Ne ki, dava düşse de, “eski voyvodalar” partisi olarak ünlenen İç Makedon Devrim Örgütü (VMRO) Başkanı Krasimir Karakaçanov ile milliyetçi ve ırkçı-faşist konuşmalarından dili şişen aynı partin başkan yardımcısı ve Avrupa Parlamentosu milletvekili Angel Cambazki  Voyvodino köyünü ziyaret edip kudurmuşça böğürünce, yerli milliyetçi damara kan gitti, aldıkları emekli maaşlarıyla zar zor geçinen ve parasızlıktan otobüse binip köyüne gidemeyen eski ordulular örgütlenip otobüslerle Voyvodino köyüne taşındılar. Yolda ekmek arası, börek ve simit dağıtıldı, rakı şişeleri dolaştı. Çar Ferdinand zamanından kalma paslanmış askeri marşlar söylendi. Kan kabartıldı. “Kurtarıcı” gibi törenle karşılandılar. Belediye de cömert davrandı. Köyün şarap fıçıları açıldı. Güve yeniği “komitacı bayrakları” altında toplandılar, aba-poturlu ve kalpaklı “voybodolar” kırmızı şarap şişelerinden bol bol çekerken birbirlerini iğnelediler. Gece karanlığında belediye meydanında yapılan konuşmalarda tonlarca acı zehir mayhoş ve sarhoş insanların beynine akıtılınca, köyü fener alayları dolaştı. Adına kan kabartma ve etnik düşmanlık kışkırtma denen bu olaylarla Belediye Roman Mahallesini yıkma kararı aldı. Sofya’da Savunma Bakanı ve Başbakan yardımcısı Kr. Karakaçanov, “ne isterseniz onu yapın, ben arkanızdayım” deyince, önce “Roman mahallesini kış ortasında yakmayı akıllarından geçirenler”, rüzgâr yön değiştirir ve kayan kıvılcımlar Bulgar mahallerini de yakar korkusuyla, niyet değiştirdi ve Plovdiv ili inşaatlarında çalışan ve karşı kışta kuruntulukta bekletilen “dev kepçeler” köye getirildi. 50 Roman evini 2 günde yıkıldı. Taşı toprak hafriyat kamyonlarıyla 20 kilometre uzağa – belediye sınırlarının tam kenarında – bir hendeğe döküldü ve sözde  “” bitti.

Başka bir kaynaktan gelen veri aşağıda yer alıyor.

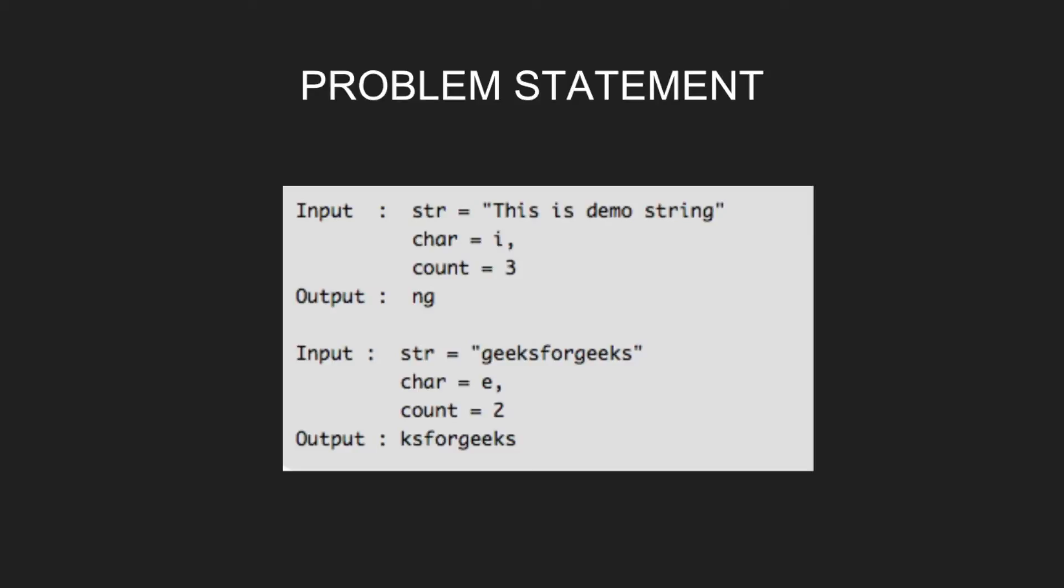For input string "geeksforgeeks", character equal to e, count equal to 2, the output will be "ksforgeeks". As here, the count of e completes at 2.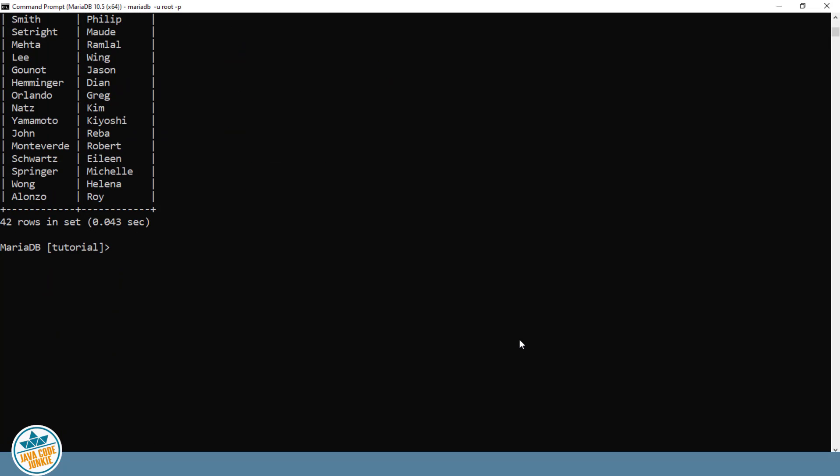We can cut down on the number of records, in other words be more specific, if we specify another clause in the SELECT statement called the WHERE clause. SELECT LAST_NAME, FIRST_NAME from EMPLOYEES. Now we specify the WHERE clause.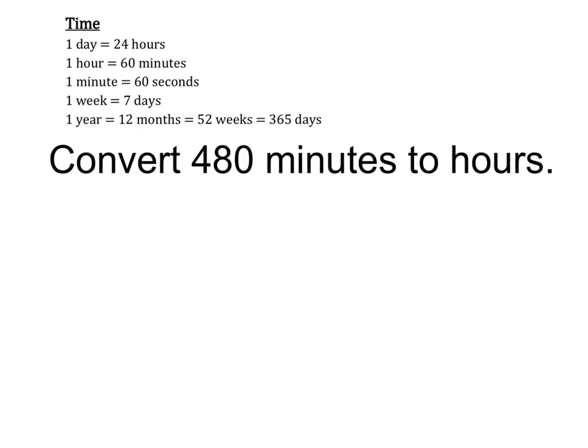Hey guys, this is Mr. Sal. We're going through some videos that some students have been asking about. Convert 480 minutes to hours. We can see that there is a direct conversion from hours to minutes in the time.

Ne ki, iş tam o an başlamıştı. Ayakları çorapsız çocuklar, kümesi yıkılmış tavuklar, kulübesiz kalan köpekler, duvarların arasına depo yapmış fareler karın ve buzun üstünde kaldı.

Bulgaristan’da böyle bir olay tam 76-77 yıl önce yaşanmıştı. Başbakan Nazici Bogdan Filov’tu.  Sofya, Plovdiv ve diğer şehirlerden ve kasabalardan Yahudileri ve Çingeneleri evlerinden çıkarıp kamplara doldurmuş. Erkekleri ailelerden ayırmış, taş ocaklarında çalıştırıyor, aynı zamanda sayıları yüz binleri bulan bu 2 etnik azınlıktan insanları Almanya ve Polonya’daki ölüm kamplarına gönderip canlı canlı yakılmaları için hazırlıklar görülmüştür. O zaman Makedonya ve Ege kıyısında Bulgar makamlarca idare edilen bölgelerden toplanıp hayvan vagonlarına doldurulup gönderilen 20 bin Yahudi ve Çingene’den geri dönen olmamıştır. Evleri, malları mülkleri istilacı Bulgar güçleri tarafından talan edilmiştir.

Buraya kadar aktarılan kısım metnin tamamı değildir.